Clinicians frequently have problems obtaining important information about a patient’s previous medical care. In the practice of anesthesia, particularly vital information concerns the management of the patient’s airway, especially if there has been past difficulty. Such information is often unavailable when needed. According to the American Society of Anesthesiologists closed claims project database, difficult tracheal intubation is the second most frequent primary event leading to anesthesia malpractice claims.1 We present a relatively simple method to facilitate interprovider communication of the details of an individual patient’s past airway management.

A history of previous difficult tracheal intubation offers clinically suggestive evidence that difficulty may recur and it is the single most important predictor of subsequent difficult laryngoscopy.2,3 The patient, even if aware of previous difficulty, may not be able to communicate this or to recall specific details. Systems to transmit airway information that have been tried include verbal or written reports given to the patient, notes entered in the medical chart, communication with the patient’s surgeon and the primary care physician, and notification bracelets.2 Enrollment in the Medic Alert Emergency Identification Program4 or registration in a local or national database for patients with difficult airways are additional approaches for dissemination of critical information.5

This information may not be available outside of the institution in which it was generated, and bracelets, although pointing to difficult tracheal intubation, cannot transmit the details of airway management. We propose an alternative solution.
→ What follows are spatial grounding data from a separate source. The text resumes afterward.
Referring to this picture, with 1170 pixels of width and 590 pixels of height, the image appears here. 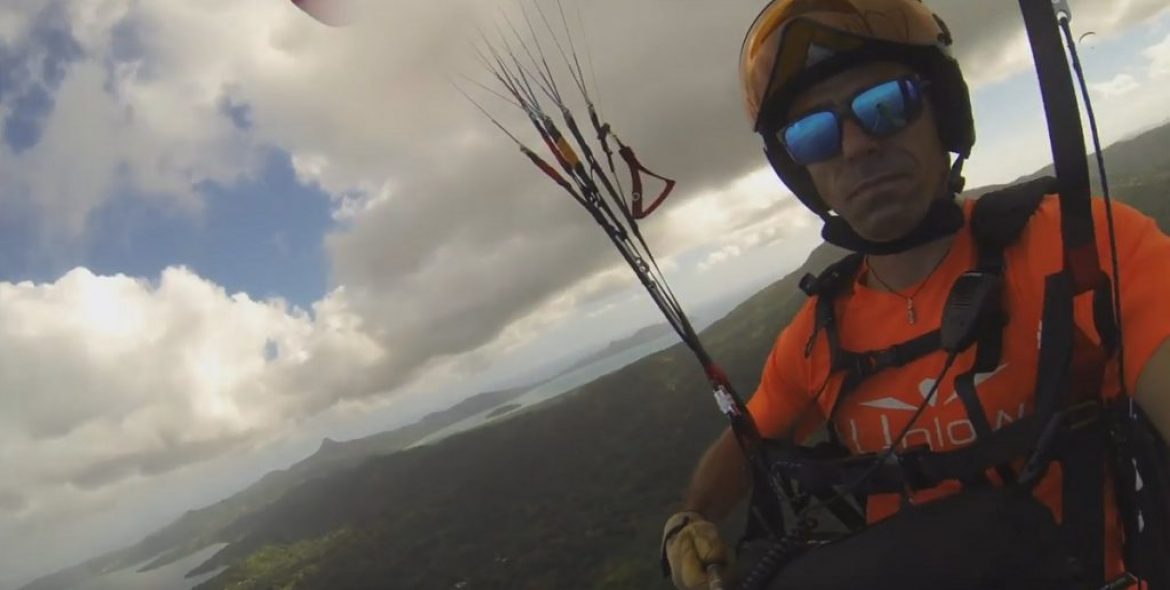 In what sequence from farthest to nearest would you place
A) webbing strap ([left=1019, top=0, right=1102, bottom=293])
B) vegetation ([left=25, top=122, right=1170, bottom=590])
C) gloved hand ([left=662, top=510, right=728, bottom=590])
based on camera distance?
vegetation ([left=25, top=122, right=1170, bottom=590])
gloved hand ([left=662, top=510, right=728, bottom=590])
webbing strap ([left=1019, top=0, right=1102, bottom=293])

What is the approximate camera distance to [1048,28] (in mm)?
1938

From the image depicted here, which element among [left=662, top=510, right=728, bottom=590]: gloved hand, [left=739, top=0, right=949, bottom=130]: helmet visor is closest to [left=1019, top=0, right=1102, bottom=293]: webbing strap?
[left=739, top=0, right=949, bottom=130]: helmet visor

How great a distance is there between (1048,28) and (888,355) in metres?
1.43

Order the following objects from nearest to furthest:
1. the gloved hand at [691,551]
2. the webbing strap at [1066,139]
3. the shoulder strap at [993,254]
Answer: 1. the webbing strap at [1066,139]
2. the shoulder strap at [993,254]
3. the gloved hand at [691,551]

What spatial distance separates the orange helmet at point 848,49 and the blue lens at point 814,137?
250 millimetres

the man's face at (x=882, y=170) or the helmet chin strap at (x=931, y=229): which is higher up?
the man's face at (x=882, y=170)

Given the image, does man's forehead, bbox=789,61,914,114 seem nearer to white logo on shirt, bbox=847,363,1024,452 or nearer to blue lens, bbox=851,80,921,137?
blue lens, bbox=851,80,921,137

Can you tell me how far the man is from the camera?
2.45 meters

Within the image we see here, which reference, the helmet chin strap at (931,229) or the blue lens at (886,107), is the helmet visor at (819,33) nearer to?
the blue lens at (886,107)

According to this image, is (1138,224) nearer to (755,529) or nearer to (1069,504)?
(1069,504)

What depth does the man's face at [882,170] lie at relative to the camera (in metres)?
2.70

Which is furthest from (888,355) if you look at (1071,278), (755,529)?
(755,529)

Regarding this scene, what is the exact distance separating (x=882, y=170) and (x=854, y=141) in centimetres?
18

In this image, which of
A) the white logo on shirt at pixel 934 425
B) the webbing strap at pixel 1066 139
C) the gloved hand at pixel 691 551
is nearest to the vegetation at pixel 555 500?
the gloved hand at pixel 691 551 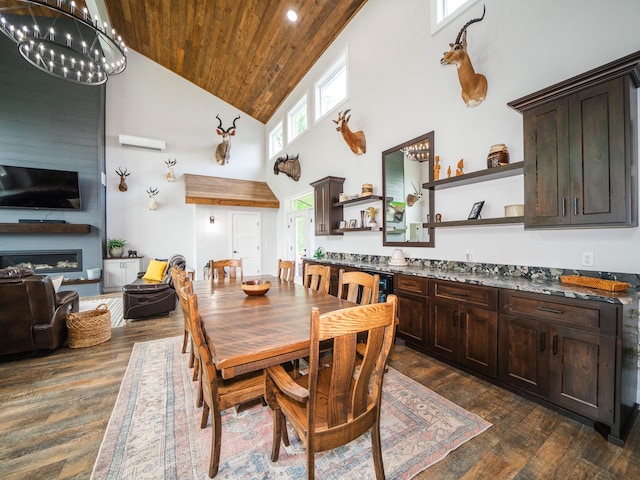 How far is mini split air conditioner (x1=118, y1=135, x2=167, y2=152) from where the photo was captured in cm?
667

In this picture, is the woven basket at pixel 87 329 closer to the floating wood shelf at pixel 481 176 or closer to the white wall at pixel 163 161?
the white wall at pixel 163 161

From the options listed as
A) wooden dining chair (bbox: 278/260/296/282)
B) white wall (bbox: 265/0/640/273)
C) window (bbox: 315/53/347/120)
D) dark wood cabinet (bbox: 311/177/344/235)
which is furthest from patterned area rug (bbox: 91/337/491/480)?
window (bbox: 315/53/347/120)

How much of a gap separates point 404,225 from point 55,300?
14.2 feet

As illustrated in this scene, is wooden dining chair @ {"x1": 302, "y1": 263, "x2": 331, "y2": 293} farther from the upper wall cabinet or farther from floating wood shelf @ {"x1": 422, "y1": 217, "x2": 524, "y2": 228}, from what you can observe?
the upper wall cabinet

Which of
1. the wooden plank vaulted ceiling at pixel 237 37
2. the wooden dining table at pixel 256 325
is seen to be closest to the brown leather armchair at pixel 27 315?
the wooden dining table at pixel 256 325

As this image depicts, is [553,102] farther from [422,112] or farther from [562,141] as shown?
[422,112]

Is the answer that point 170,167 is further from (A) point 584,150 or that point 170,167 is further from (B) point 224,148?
(A) point 584,150

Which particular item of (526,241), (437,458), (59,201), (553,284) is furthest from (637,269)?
(59,201)

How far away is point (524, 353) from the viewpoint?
2.02m

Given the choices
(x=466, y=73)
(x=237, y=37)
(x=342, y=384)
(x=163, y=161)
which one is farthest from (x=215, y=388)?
(x=163, y=161)

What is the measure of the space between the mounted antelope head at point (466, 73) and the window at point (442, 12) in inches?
17.0

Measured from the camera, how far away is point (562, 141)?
78.4 inches

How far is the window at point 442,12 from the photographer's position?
3.11m

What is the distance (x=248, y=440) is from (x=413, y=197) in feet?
10.4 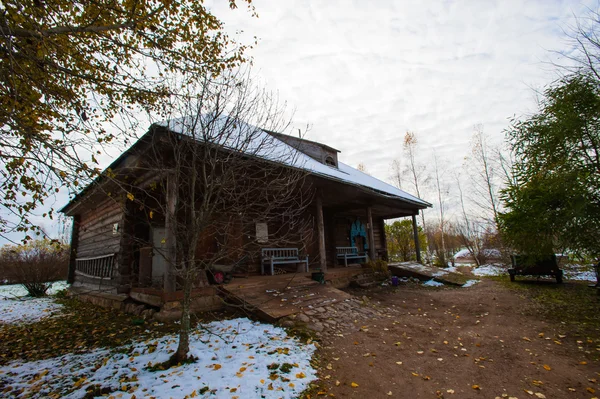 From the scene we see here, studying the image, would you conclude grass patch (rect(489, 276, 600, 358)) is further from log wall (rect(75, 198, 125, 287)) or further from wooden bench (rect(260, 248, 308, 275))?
log wall (rect(75, 198, 125, 287))

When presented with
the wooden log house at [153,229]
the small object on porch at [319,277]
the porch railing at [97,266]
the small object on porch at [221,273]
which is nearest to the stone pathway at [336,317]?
the small object on porch at [319,277]

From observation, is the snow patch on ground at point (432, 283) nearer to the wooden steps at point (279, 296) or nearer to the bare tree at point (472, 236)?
the wooden steps at point (279, 296)

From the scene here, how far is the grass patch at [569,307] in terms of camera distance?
16.1 ft

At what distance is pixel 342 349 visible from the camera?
4414 millimetres

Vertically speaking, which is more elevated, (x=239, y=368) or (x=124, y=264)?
(x=124, y=264)

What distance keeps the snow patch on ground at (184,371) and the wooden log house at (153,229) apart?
1.42 metres

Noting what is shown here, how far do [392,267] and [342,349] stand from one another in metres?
8.21

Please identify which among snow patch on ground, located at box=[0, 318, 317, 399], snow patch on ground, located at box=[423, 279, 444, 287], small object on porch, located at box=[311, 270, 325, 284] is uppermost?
small object on porch, located at box=[311, 270, 325, 284]

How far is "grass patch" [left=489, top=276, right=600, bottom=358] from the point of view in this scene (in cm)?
491

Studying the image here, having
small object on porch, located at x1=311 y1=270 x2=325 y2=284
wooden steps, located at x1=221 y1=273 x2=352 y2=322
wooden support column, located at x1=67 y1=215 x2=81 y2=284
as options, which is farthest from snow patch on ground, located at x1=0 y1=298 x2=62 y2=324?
small object on porch, located at x1=311 y1=270 x2=325 y2=284

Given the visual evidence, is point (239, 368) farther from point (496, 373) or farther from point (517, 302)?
point (517, 302)

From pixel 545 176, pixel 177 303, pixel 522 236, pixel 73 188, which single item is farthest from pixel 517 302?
pixel 73 188

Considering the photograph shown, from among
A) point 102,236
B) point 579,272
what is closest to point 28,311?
point 102,236

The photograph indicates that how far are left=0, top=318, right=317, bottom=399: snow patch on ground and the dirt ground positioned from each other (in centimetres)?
53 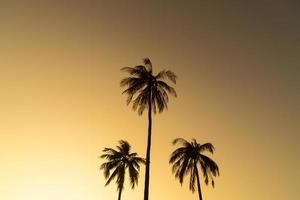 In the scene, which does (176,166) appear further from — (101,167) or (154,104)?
(154,104)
Our criteria are that the information should be accessible from the patient at all times, that it contains the details of airway management important to subsequent providers, and that it not be dependent on a particular technology. To this end, we have created a wallet-sized card with checkboxes to detail airway management, which is then laminated to provide longevity. The front and back of the card are illustrated in Figure 1. The card was created in PowerPoint 2008 for Mac, version 12.1.1, Microsoft Corp., Seattle, WA.

Figure 1.
Figure 1.:
The front side shows patient’s last name, first name, and date of birth, the hospital address, and the institutional logo. The backside is divided into three sections that contain specific details of the airway difficulty and its management (only devices used in our institution are listed) plus the anesthesia provider’s name, the institutional provider number, and a 24-h contact number for inquiries.

Once completed, the card is laminated with a pouch laminator (GBC Heatseal™ H110, ACCO brands, Lincolnshire, IL) for protection. The card is given to the patient or next of kin before discharge from the postanesthesia care unit. At the same time, the patient is formally notified about the difficulty with airway management and instructed to carry the card at all times, e.g., in the wallet. The patients are also specifically instructed to show the card to subsequent anesthesia providers.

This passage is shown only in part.